About this task
When copying the data below, keep only the lines from the one with "海上升明月,天涯共此時(sh" through the one with "product image 715714505", word for word, and skip the pictures.

Task input
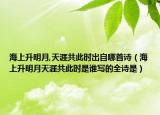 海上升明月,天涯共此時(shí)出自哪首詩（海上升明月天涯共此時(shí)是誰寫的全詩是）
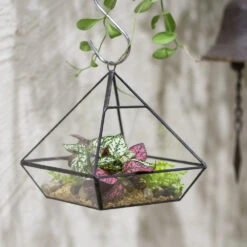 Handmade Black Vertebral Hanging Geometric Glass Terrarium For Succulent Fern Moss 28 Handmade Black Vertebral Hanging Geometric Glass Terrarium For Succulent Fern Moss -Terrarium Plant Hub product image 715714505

--

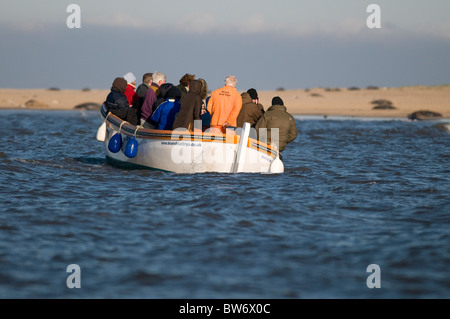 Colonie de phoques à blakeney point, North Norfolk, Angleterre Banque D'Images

--

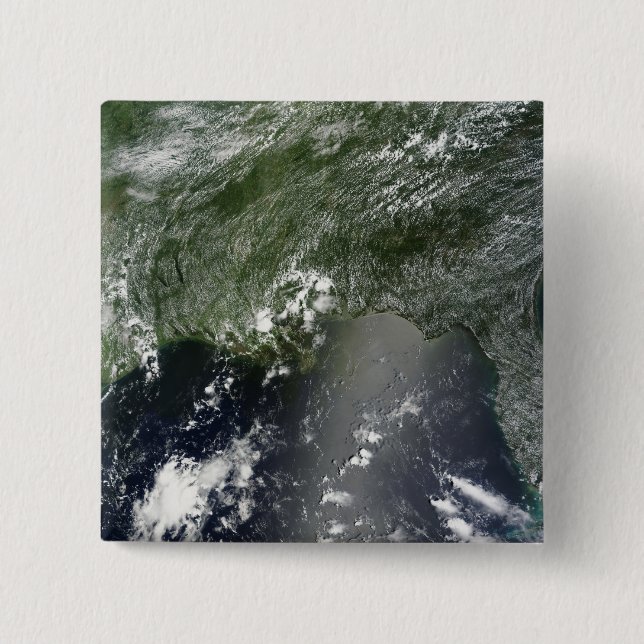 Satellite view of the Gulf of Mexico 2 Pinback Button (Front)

Exercise result
 海上升明月,天涯共此時(shí)出自哪首詩（海上升明月天涯共此時(shí)是誰寫的全詩是）
 Handmade Black Vertebral Hanging Geometric Glass Terrarium For Succulent Fern Moss 28 Handmade Black Vertebral Hanging Geometric Glass Terrarium For Succulent Fern Moss -Terrarium Plant Hub product image 715714505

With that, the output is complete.